The third area is the organization’s readiness quotient. This varies based on individual maturity levels and should be completely internally
driven. Every organization needs to set its own transformation ambitions by undertaking an internal assessment of organizational readiness.
And fourth, of course, is that you should have the budget! Money spent on transformation will not give you immediate ROI. Organizations should
be willing to write off the digital transformation investment based on a set of qualitative returns, not necessarily quantitative returns.
If ROI is not the right metric, can you share how you measure the success of digital platform initiatives such as YONO?
I do believe ROI is not the right measure for an innovation such as the YONO platform. That is because you cannot establish financial ROI early on. Rather, we deploy a measurement matrix to track progress. For example, one measure that we use is how many new people are coming to the platform. Let us say that we get roughly around two million log-ins a day into YONO. Of this two million, how many are new customers? How many new types of transactions are being completed? How many of them have tried more than three or four products because of the ease of transaction? What are the comments being posted and where are they clicking?
The qualitative benefits I referred to earlier include an important upside from this sort of initiative – brand building. By launching digital initiatives like this, we are seen as a more digitally-savvy bank. In addition, the adoption of new transformation disciplines – such as hackathons, agile project management, and collaborative ways of working – helps drive culture change across the organization.
If ROI is difficult to prove, how do you make the case to leadership for innovation investment?
You have to put a cap on the amount of money you will invest in a digital transformation initiative and establish a timeframe. That way, you are capping the risk. After a certain timeframe, I showcase what I have achieved based on what I described previously, and then ask for the next tranche of funding. It has to happen incrementally. However, it is important to be agile and have a minimum viable product in the form of a quick-win. Without that, it can be a bottomless pit where you continue saying, “no, no, don’t ask me about ROI.” Nobody will buy that.
The importance of trust to SBI
In the context of a very large financial services organization in a country such as India, what do you believe are some of the challenges that are unique?

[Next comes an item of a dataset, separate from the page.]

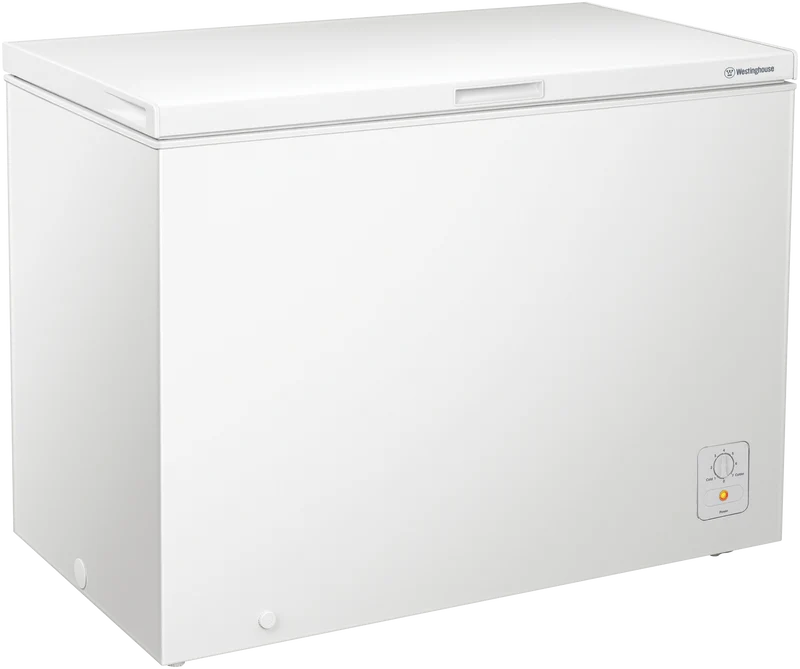 Westinghouse 300L Chest Freezer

One unique challenge is that the payment system and the transaction is the first touchpoint of any general customer to an institution. In our context, the institution imparts trust. The institution impact authentication. We have to first impart a sense of robustness and a sense of credibility. Culturally, Indian consumers are very, very value conscious. They may spend a little more time for a lower cost. And if you are too jazzy then people will not stick with you. Another thing typical to the Indian customer is that family significantly influences which bank you have a relationship with. The children’s decision about keeping an account for a long time is influenced by the father’s decision or mother’s decision. So, there are cultural nuances that differentiate the Indian consumer.
You mentioned that you have to impart trust. Earlier, you also spoke of a minimum viable product (MVP). How do you balance agility with ensuring you are seen as a symbol of trust?
An MVP does not mean that we compromise on security at any stage. Our minimum viable product also has to pass the security test, user application testing, system integration testing, and a variety of other processes. It’s important to bear in mind that we cannot be as nimble-footed as a startup. People will forgive a startup, saying they are yesterday’s child. But how can a 212-year old organization mess up? We have that adverse burden of proof on us. We just have to be more careful. Sometimes, that takes more time.